Validating information before disclosure
Agencies need to ensure that contract information for public disclosure is:
- meaningful (provides sufficient information)
- does not breach legislative or other requirements
The Agency should confirm that it holds the rights to publish the intellectual property of any contractual document which is subject to disclosure before it is disclosed on the contracts website.
Contracts that are subject to disclosure
Contracts and standing offer arrangements covered by the disclosure requirement are those for goods, works and construction services. The types of contracts that are subject to disclosure are:
- contracts under seal (also known as deeds)
- simple contracts (can be oral, written, or a combination of both)
Contractual documents that satisfy the above elements and are valued at $100,000 or greater (inclusive of GST) are considered to be contracts subject to disclosure. These include, for example, contracts concluded by an offer and letters of acceptance and formal (written) contracts.
Standing offer arrangements, whether or not constituted by contracts under seal (deeds), are subject to disclosure. Where contracts are made under standing offer arrangements, those contracts are also subject to disclosure and must be published.
Contracts subject to disclosure include:
- contracts for goods or materials
- contracts for construction services
- contracts for works (including buildings, infrastructure and demolition)
- contracts that establish standing offer arrangements and supplier panel arrangements
- contracts made under standing offer arrangements or supplier panel arrangements, such as:
- purchase orders issued under a standing offer arrangement
- purchase orders issued under state purchase contracts and sole entity purchase contracts where the services relate to public construction
- contracts entered into with suppliers listed on pre-qualification registers
It is not necessary to disclose contracts for works or construction services that are awarded following a limited tender process that was conducted under the 'for protection of essential security interests’.
Information to be disclosed - key details of contracts
Information to be disclosed - contracts subject to full disclosure
- where the estimated value of the contract exceeds $10 million (inclusive of GST)
- where applies
- subject to grounds to withhold certain information from disclosure
- plans or drawings
- where an Agency does not hold the right to publish a contract document
Disclosing contract variations
Variations that typically occur throughout the contract period involve:
- adding planned but not specified works or services
- applying contingencies for Agency variations to the scope of works or services
- addressing errors and omissions in the design or documentation
- addressing staged or periodic extensions to contracts
Variations may affect the contract value, scope, duration or other elements of the contract, or a combination of these.
Agencies must update the contract disclosure record if variations or amendments are made to a contract for works or construction services.
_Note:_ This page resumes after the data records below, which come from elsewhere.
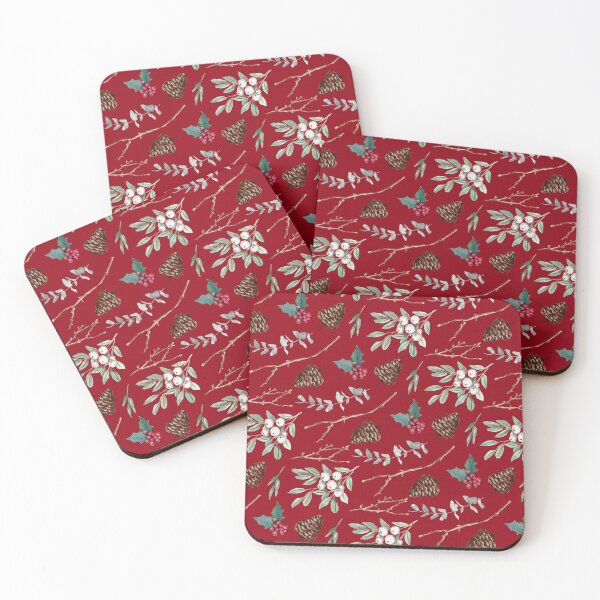 Item preview, Christmas print - Red designed and sold by Anis Illustration.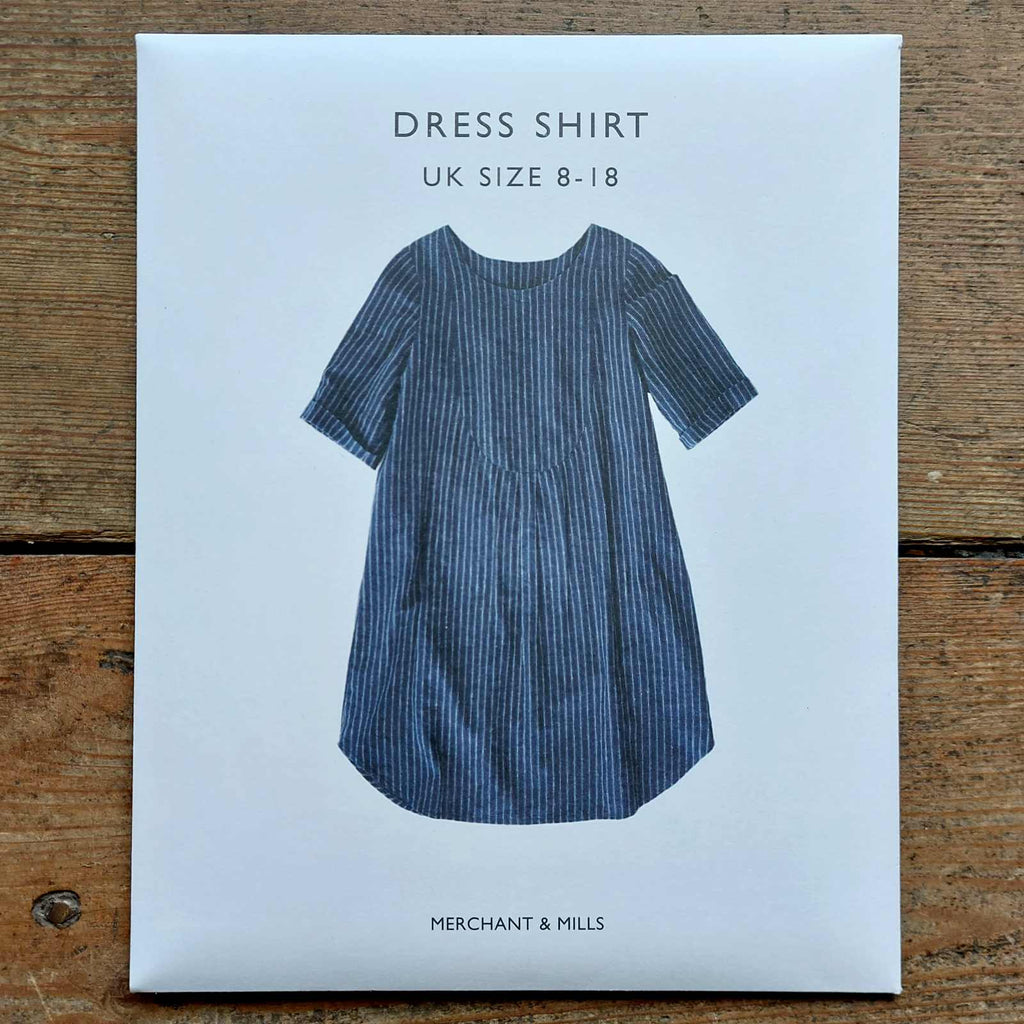The Dress Shirt paper Pattern by Merchant & Mills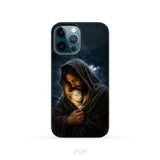 The Good Shepherd Shelters His Lamb In The Rain – Luke 15 – Christian Phone Case iPhone 12 Pro / Tough Case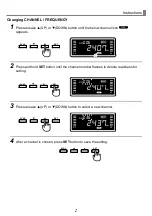 Preview for 3 page of Chiayo DWR-2410 Operation Manual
Variations or amendments to contracts must be disclosed on the contract record to which the variation relates.
Variations to contracts must be disclosed, at the latest, when:
- for contracts for works (when the works are substantially complete at practical completion) - the contract reaches practical completion
- for contracts for works (when there are ancillary works outstanding at practical completion) - the contract reaches practical completion for those works completed up to practical completion, with additional variation disclosures, as needed, as the ancillary works are completed
- for contracts for construction services – the contract ends
Where a variation to a contract is subject to an unresolved claim at practical completion, disclose the variation subject to the claim as an additional variation disclosure when the claim is settled.
Amendments to contracts that follow from taking up options under the contract must be disclosed within 30 days of exercising the option.
First release - 1/07/2018
Revision 1 - 30/12/2018
Disclosing contract variations:
- In the paragraph ‘Variations to contracts must be disclosed, at the latest’, clarify when to disclose contract variations when there are ancillary works outstanding at practical completion.
- Following the paragraph ‘Variations to contracts must be disclosed, at the latest’, insert new paragraph that clarifies when to disclose a variation to a contract that is subject to an unresolved claim at practical completion.